= TLALOCNet =

GPS network

TLALOCNet is network of GPS and meteorological stations in Mexico.

The Trans-boundary, Land, and Atmosphere Long-term Observational and Collaborative Network (TLALOCNet) is a network of continuous Global Positioning System (GPS) and meteorology stations in Mexico to study atmospheric and solid earth processes. This completed network spans most of Mexico with a strong coverage emphasis on southern and western Mexico. The network created a collection of continuous GPS meteorology or cGPS/Met sites based on the EarthScope Plate Boundary Observatory standards for the study of atmospheric and geological processes.

The network's name is play with the name of an Aztec deity, Tlaloc, the god of rain. Discharge rain, hail and lightning over the earth were associated with this character in ancient Mexico. As the network has pointed in a presentation concerning the capabilities of scientific measurements and forecasts for rain, hail, and hail:Now, these elements are expected to be observed through the GPS network that is part of the

"Long-Term Terrestrial and Atmospheric Transboundary Observatory and Collaboration Network".
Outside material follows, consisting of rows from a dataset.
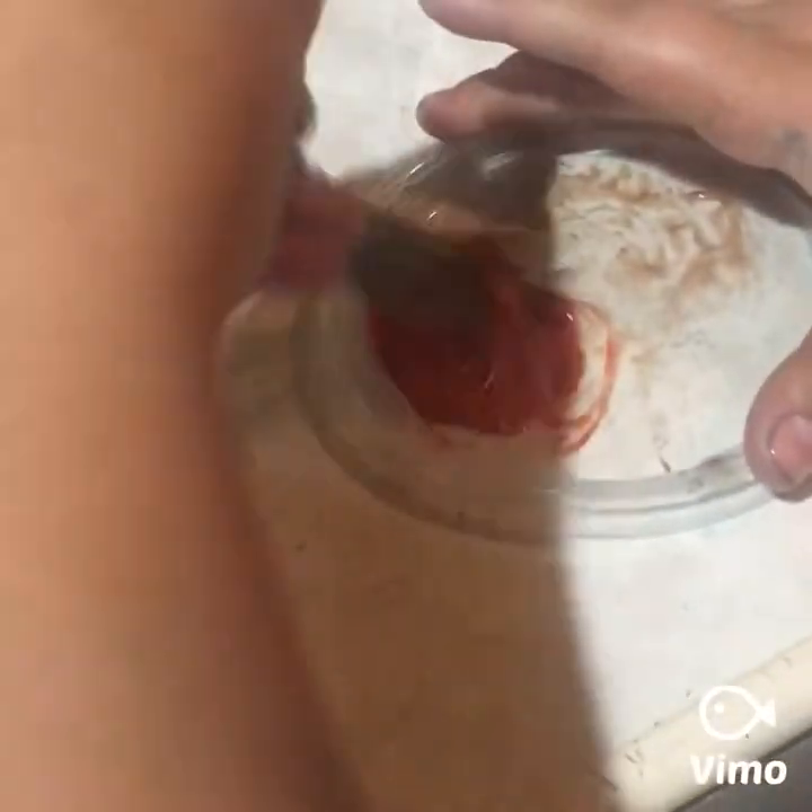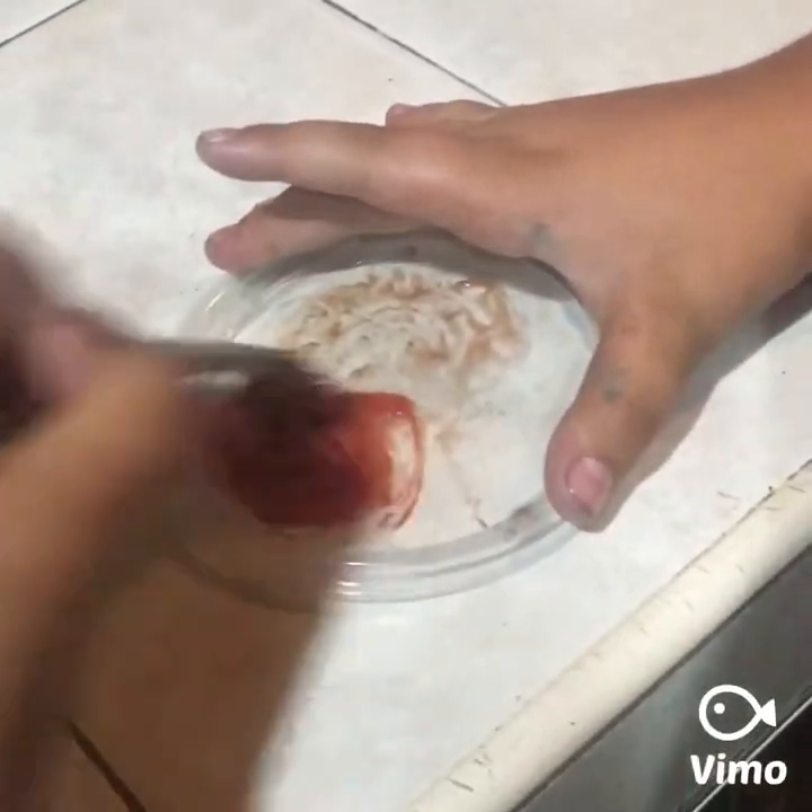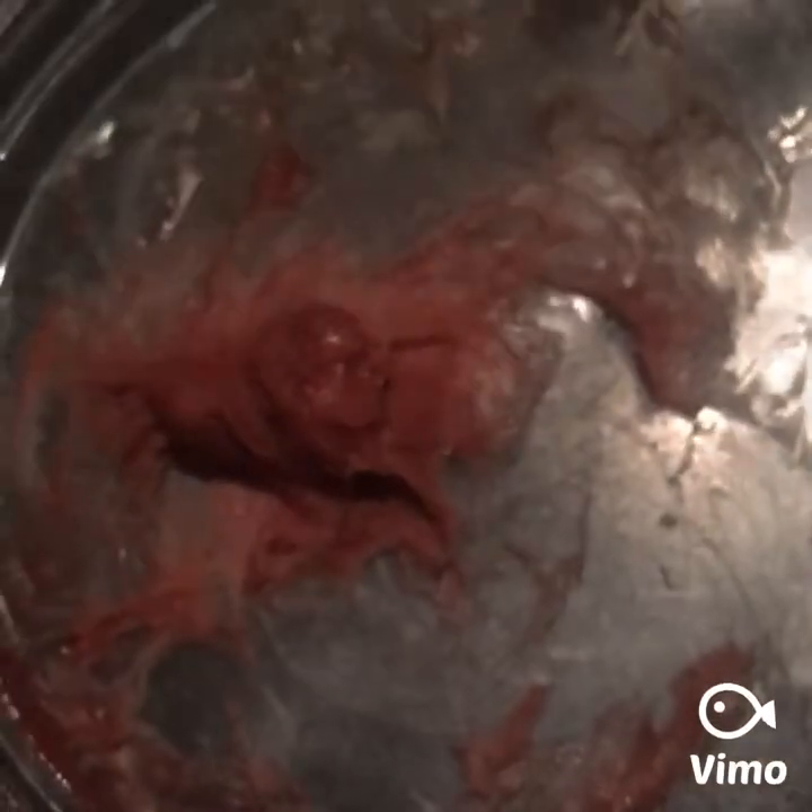Then it should look like this. So when you mix it, lastly it's gonna get hard. When we mix it all, it's done mixing — this is how it looks. Now we'll put it in the freezer.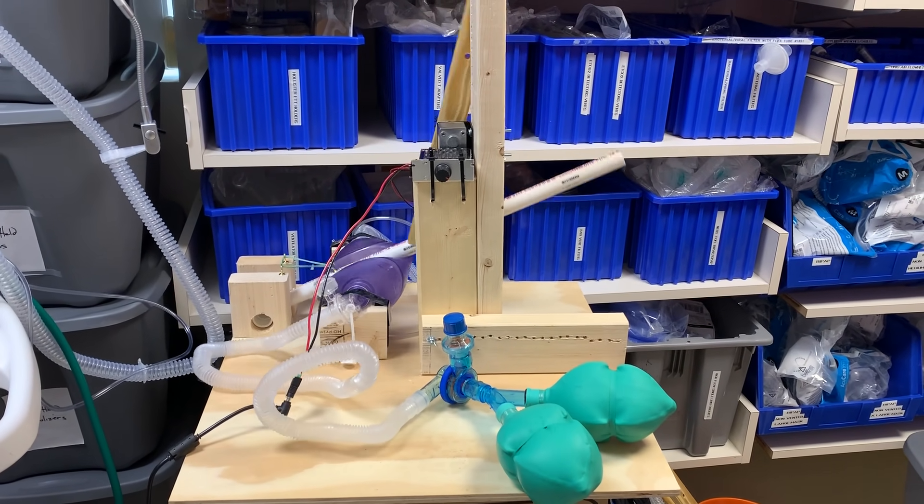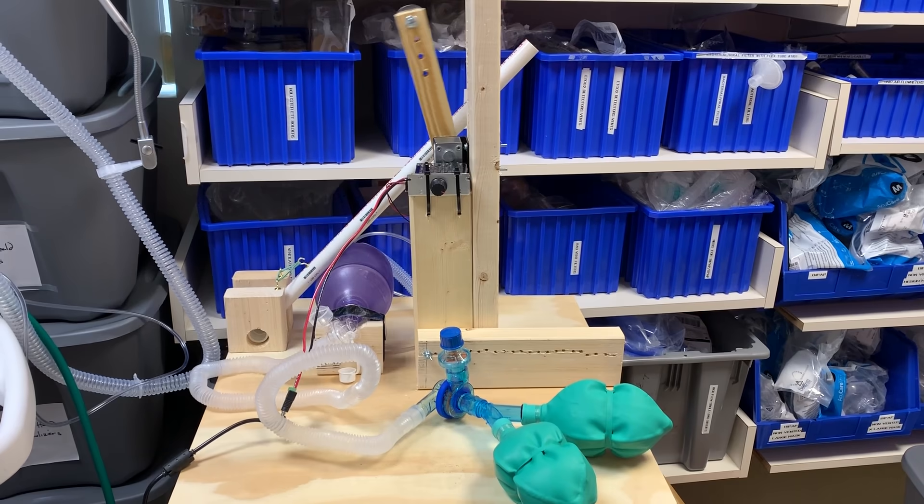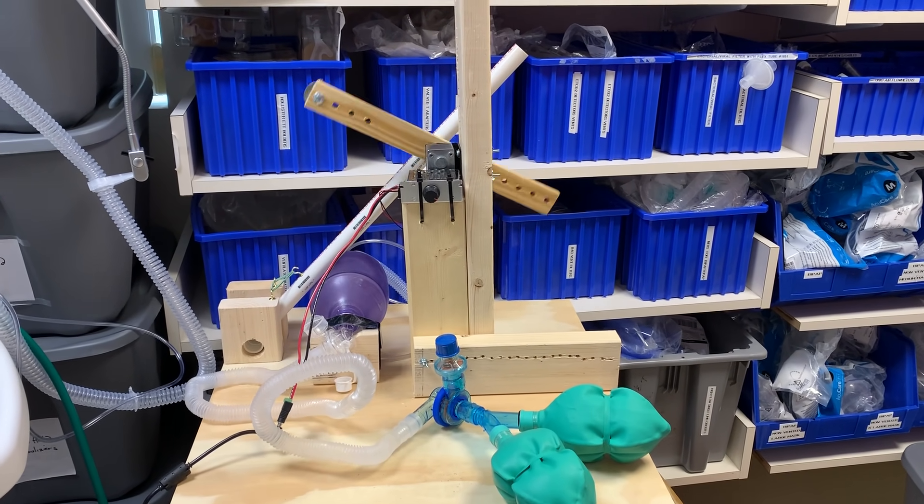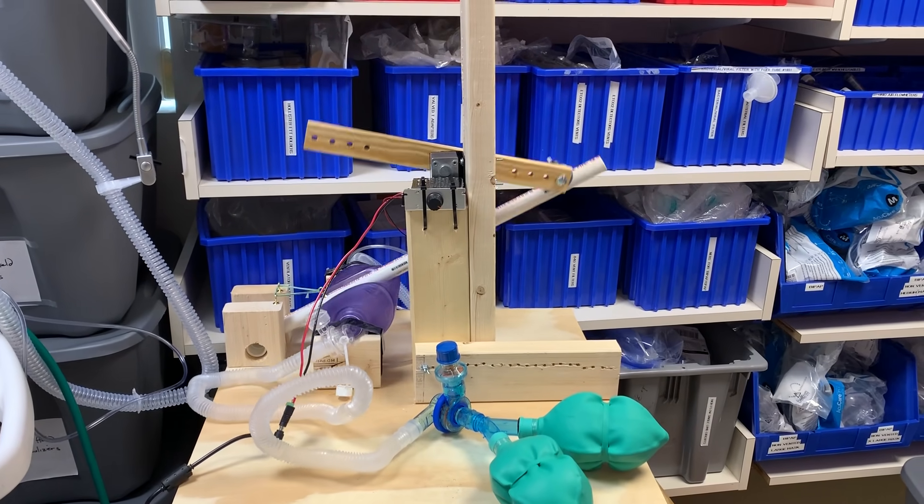Hey, good afternoon all. Hello again. It's Tuesday, March 24th. I'm coming to you now from the sort of workroom slash storage room of the Emerson Hospital Respiratory Lab.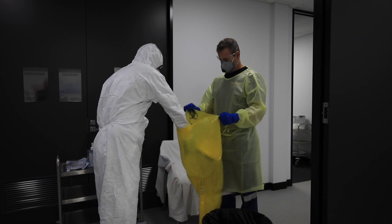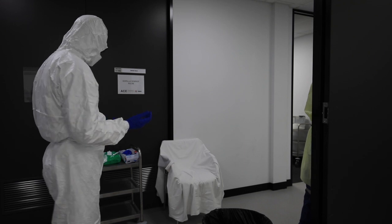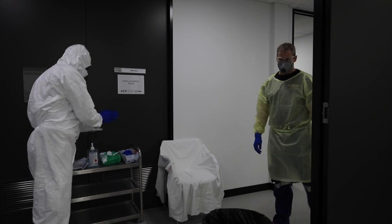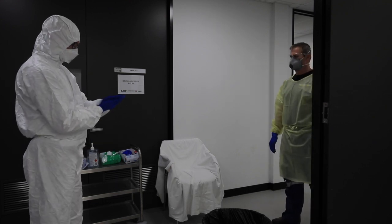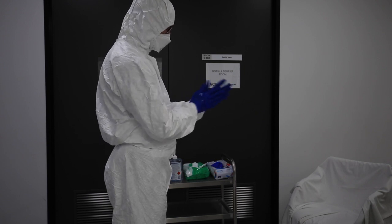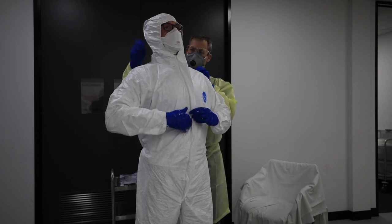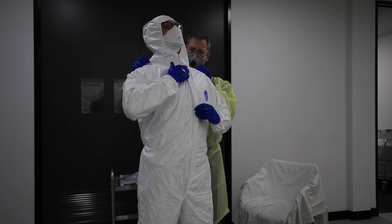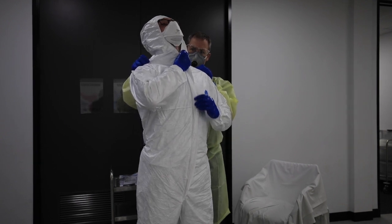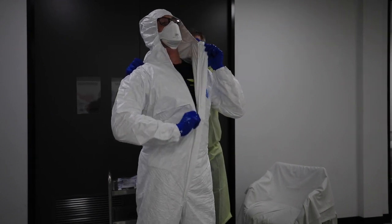Visor going into a bag. Now I'm going to perform some hand hygiene on my inner gloves. With my assistant providing a little bit of traction on the back of the suit, I'm running my hands up the zipper to identify the zip rather than going straight for it and potentially touching my skin. Unzipping to the waist.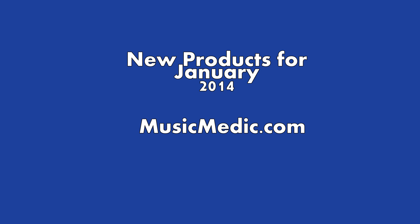We're going to take some time today to highlight some of our new products that we are really excited about here at Music Medic. All of these products are available through our website musicmedic.com and you can call 910-667-0270 or email questions at musicmedic.com.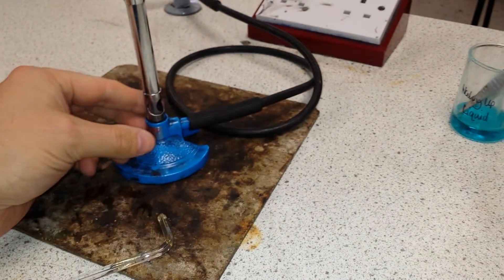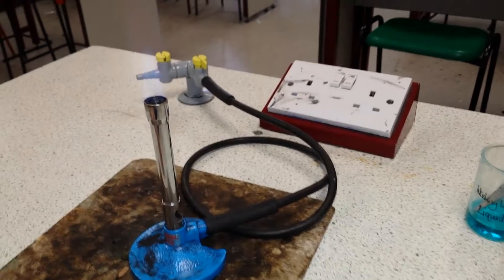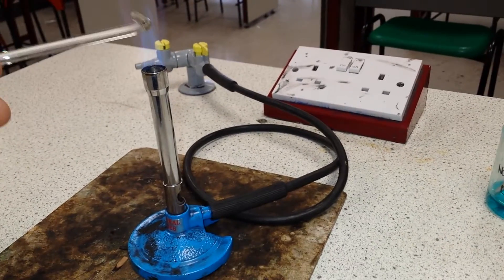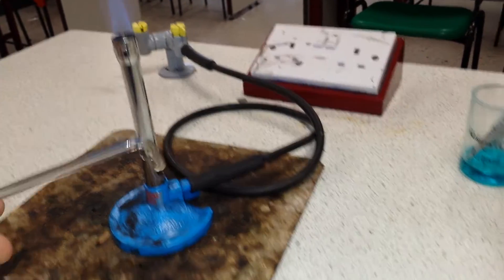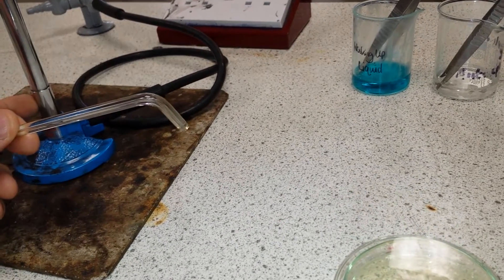We then get a roaring flame on a Bunsen burner with the air hole fully open, and we heat an inoculating wand. This one is a glass one; often you get a metal one with a loop.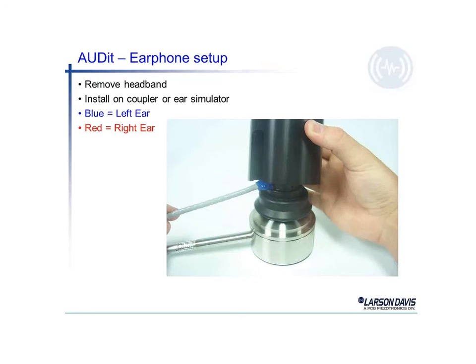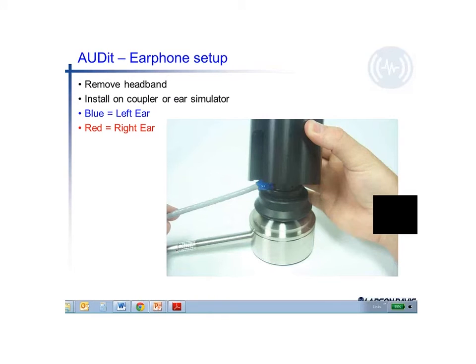Here's a picture again of the artificial ear at the bottom. You can actually see the earphone. There's a little spot of blue on the earphone, which is typically used on the left ear, and the earphones marked in red are typically put on the individual's right ear. You can see the little stand coming down over the earphone, and the cable exits through a slot in the stand. Then the weight is put on top. You do have to remove the headband to allow the earphone to fit inside the coupler.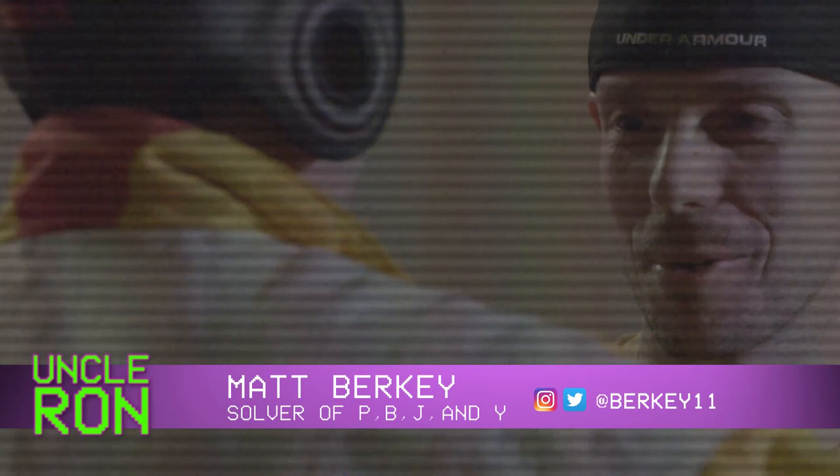Hi, I'm Uncle Ron. I'm here with Matt Berkey at the Super High Roller Bowl. So I have a picture here from your Super High Roller Bowl run last year. Can you tell me a little bit what was going on during that run?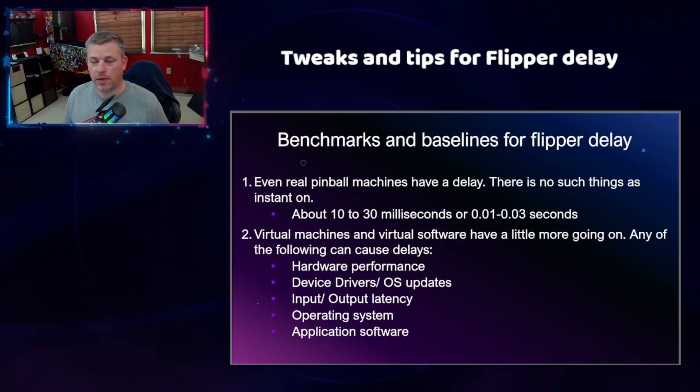I did a month-long project of trying to figure out all the different ways that I can reduce any kind of delay that I'm having with my flippers. And first I need to set a benchmark here. Even real pinball machines have a delay — there is no such thing as instant on. It's just so small, you can't see it with your eye. It's about 10 to 30 milliseconds, or 0.01 to 0.03 seconds. Virtual machines and virtual software have a little more going on, and any of the following can really cause you to have a delay of any kind in your system. First we'll start off with your hardware performance — we already talked about the GPU, the memory, the CPU and all that.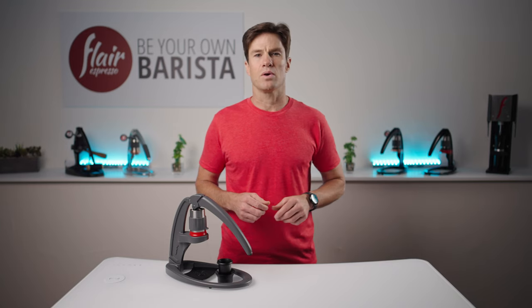Hi, I'm Andrew with Flair, back again to show you how to brew with the Flair Neo. This is a model we recommend for anyone that currently does not have a budget for a grinder suitable for espresso method, or someone looking to brew with pre-ground coffee that is too coarse to resist the flow and therefore build pressure in the brew head.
== Funding organizations ==
The network was funded by the following:

- The U.S. National Science Foundation (NSF)
- The Consejo Nacional de Humanidades, Ciencias y Tecnologías (CONACyT), which is the Mexican equivalent of the NSF. The English translation of CONACyT is the National Council of Humanities, Sciences, and Technologies.
- The National Autonomous University of Mexico (UNAM)

== Geophysics explored ==
The network is capable of analysis of the geophysics in the:

- Mexican subduction zone
- The Gulf of California fault system

== Collaborations ==
TLALOCnet works with Mexico's National Seismological Service (Servicio Sismológico Nacional, SSN), which is part of the Geophysics Institute at the National Autonomous University of Mexico (UNAM), to provide the GPS data for the country's National Space Weather Laboratory (Laboratorio Nacional de Clima Espacial, LANCE) for the creation of the Total Electron Content maps near to real time (AzTEC). TEC maps can be used in real time to estimate the effect of the ionospheric electron content between a receiver and a GPS satellite on GPS signal delay.